# Horror novel (that I'm publishing)



## Dan The Welder (Jul 18, 2012)

http://www.createspace.com/Preview/1160158 is the early preview link, please leave feedback. Its good for your karma and my future writings, thank you guys.


----------



## Lord Homicide (May 11, 2012)

Sounds like a good mix of The Shining and Evil Dead.

Is this the first paragraph of the first chapter? I can tell you right off the bat that you are using "and" too much. It reads like a list of events, not so much painting a picture.


----------



## Lord Homicide (May 11, 2012)

I am assuming this portion of the story is the end and you will take the reader through accounts leading up to this point. Your characters, setting and plot need to be clearly, and cleverly, defined. This read like a laundry list of events leading up to Mark getting killed, the narrator sitting in horrific dismay then suddenly telling the reader "here's how it happened".

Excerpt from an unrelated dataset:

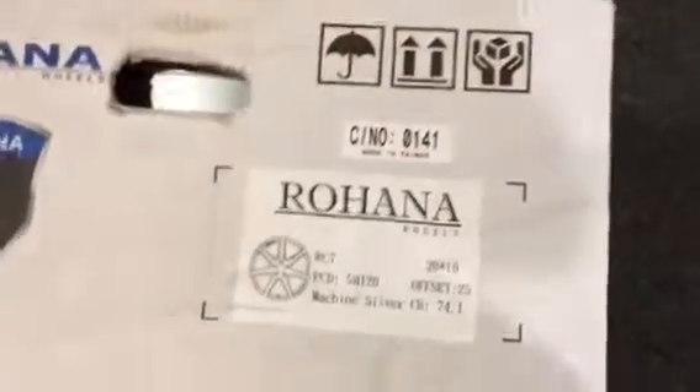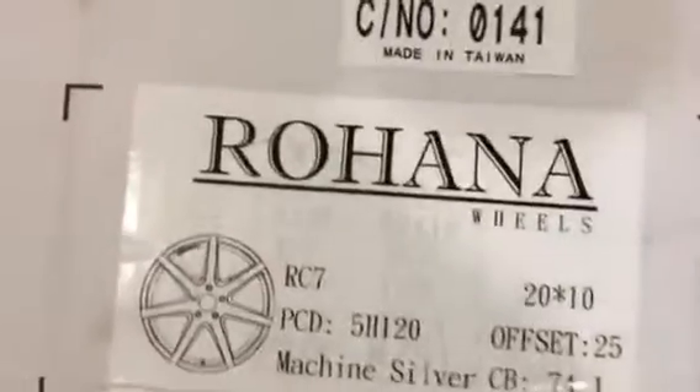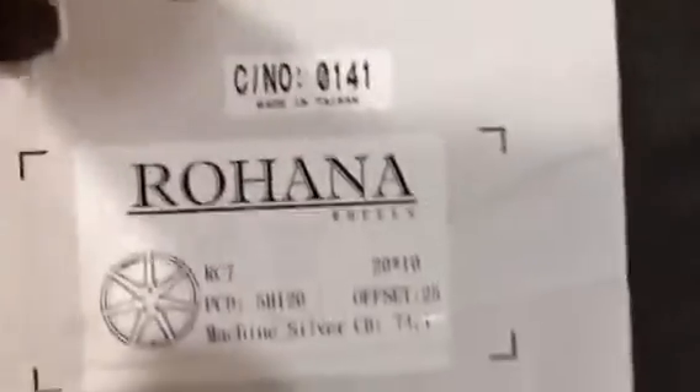Hi, this is KC Auto Performance. This is Rohana, 20x10, 5x120. Offset is 25. RC7.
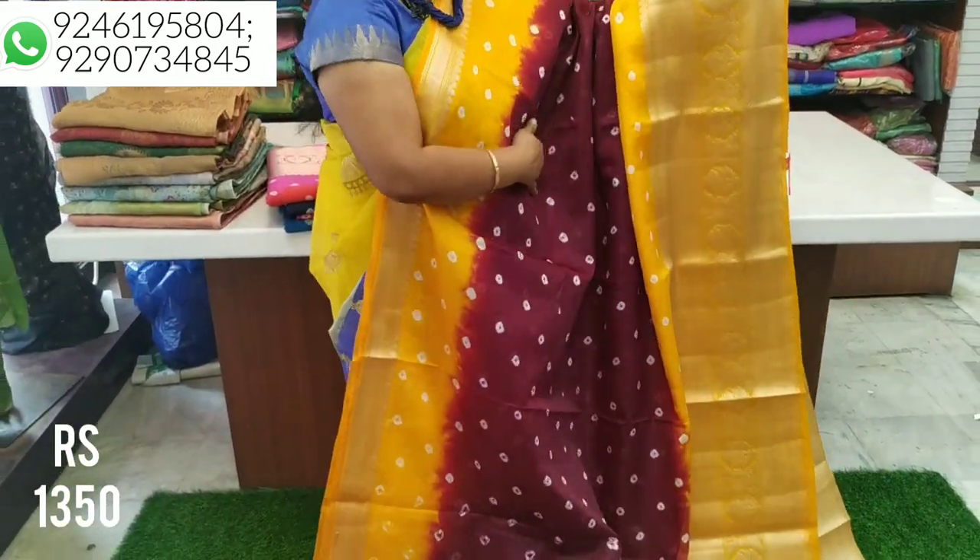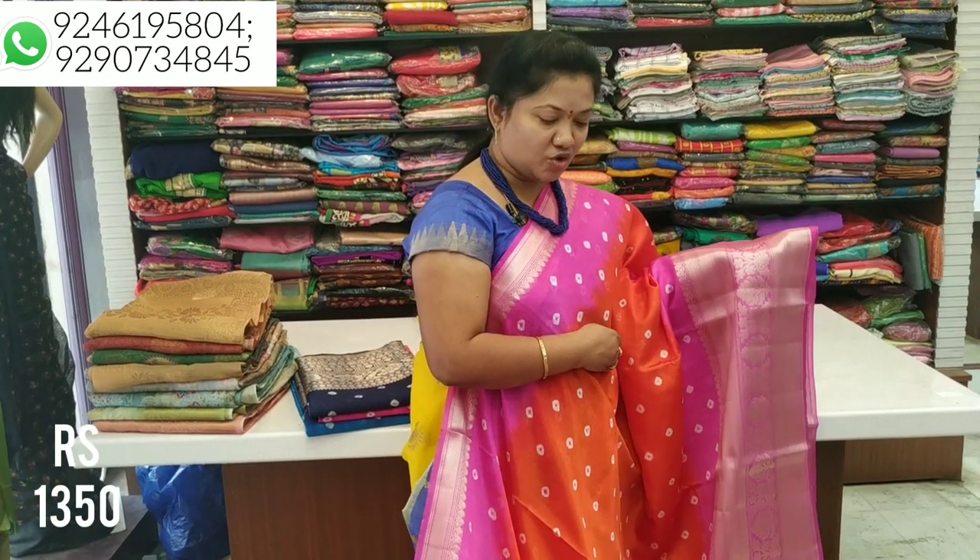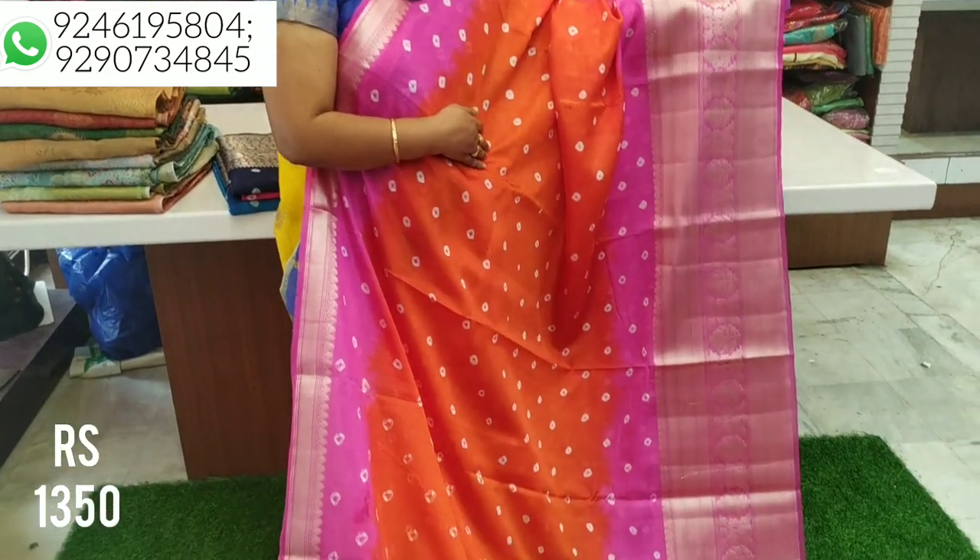The price is only $13.50. Let's look at the next combination. The next combination is orange and pink, and this combination is very beautiful.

The last two sentences tell me that this could be an interior monologue. Pick a story telling style and go with it, don't mix and match them.

Expand each sentence with better descriptions with what is going on. Your imagination knows everything about the story, the reader does not. You have to describe every relevant that you are imagining. Read the first page of the first chapter of "The Heart of Darkness" by Joseph Conrad.


----------